**** Exercise material
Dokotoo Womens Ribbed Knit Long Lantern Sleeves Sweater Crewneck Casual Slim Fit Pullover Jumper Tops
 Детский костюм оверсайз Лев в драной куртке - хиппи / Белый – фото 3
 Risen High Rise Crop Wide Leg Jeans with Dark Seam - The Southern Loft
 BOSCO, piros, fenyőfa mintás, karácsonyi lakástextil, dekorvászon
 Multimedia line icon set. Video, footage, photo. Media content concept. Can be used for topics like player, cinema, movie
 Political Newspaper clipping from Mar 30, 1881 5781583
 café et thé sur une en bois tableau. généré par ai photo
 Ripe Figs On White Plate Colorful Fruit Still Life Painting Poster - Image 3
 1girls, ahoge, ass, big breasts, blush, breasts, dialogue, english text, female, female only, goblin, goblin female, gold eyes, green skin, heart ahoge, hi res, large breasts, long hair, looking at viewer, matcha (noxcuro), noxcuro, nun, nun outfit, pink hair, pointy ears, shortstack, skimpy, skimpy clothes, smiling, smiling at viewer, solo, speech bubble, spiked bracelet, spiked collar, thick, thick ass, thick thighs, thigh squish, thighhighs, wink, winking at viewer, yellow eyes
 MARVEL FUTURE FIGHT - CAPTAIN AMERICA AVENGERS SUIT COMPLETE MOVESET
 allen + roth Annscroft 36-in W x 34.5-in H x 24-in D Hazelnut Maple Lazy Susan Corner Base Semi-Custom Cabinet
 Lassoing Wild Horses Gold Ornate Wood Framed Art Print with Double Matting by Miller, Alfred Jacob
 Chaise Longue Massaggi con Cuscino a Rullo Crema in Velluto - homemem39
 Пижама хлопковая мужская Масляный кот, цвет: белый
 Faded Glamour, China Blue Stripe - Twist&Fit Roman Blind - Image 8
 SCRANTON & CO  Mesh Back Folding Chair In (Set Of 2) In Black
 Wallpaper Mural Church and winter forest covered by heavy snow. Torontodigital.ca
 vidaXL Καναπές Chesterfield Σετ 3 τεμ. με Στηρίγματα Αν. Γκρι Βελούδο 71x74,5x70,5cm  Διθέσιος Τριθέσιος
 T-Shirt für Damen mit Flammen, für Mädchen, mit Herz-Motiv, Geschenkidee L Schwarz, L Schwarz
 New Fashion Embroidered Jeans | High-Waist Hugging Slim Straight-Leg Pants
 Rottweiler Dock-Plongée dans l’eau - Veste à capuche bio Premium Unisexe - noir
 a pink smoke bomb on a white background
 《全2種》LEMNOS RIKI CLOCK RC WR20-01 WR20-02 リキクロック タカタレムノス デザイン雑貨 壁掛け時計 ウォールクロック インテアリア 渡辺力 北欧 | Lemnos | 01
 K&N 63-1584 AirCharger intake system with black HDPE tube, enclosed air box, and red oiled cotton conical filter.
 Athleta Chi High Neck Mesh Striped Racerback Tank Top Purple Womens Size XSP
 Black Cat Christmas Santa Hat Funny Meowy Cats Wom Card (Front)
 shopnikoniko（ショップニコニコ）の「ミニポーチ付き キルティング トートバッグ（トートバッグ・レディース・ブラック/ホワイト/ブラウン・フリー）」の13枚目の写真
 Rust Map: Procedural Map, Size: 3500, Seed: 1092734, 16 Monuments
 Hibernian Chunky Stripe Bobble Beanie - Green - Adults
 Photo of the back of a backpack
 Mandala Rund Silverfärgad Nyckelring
********
=== About this task ===
Out of the entries, pull every line that mentions "with".

=== Written solution ===
 Risen High Rise Crop Wide Leg Jeans with Dark Seam - The Southern Loft
 Lassoing Wild Horses Gold Ornate Wood Framed Art Print with Double Matting by Miller, Alfred Jacob
 K&N 63-1584 AirCharger intake system with black HDPE tube, enclosed air box, and red oiled cotton conical filter.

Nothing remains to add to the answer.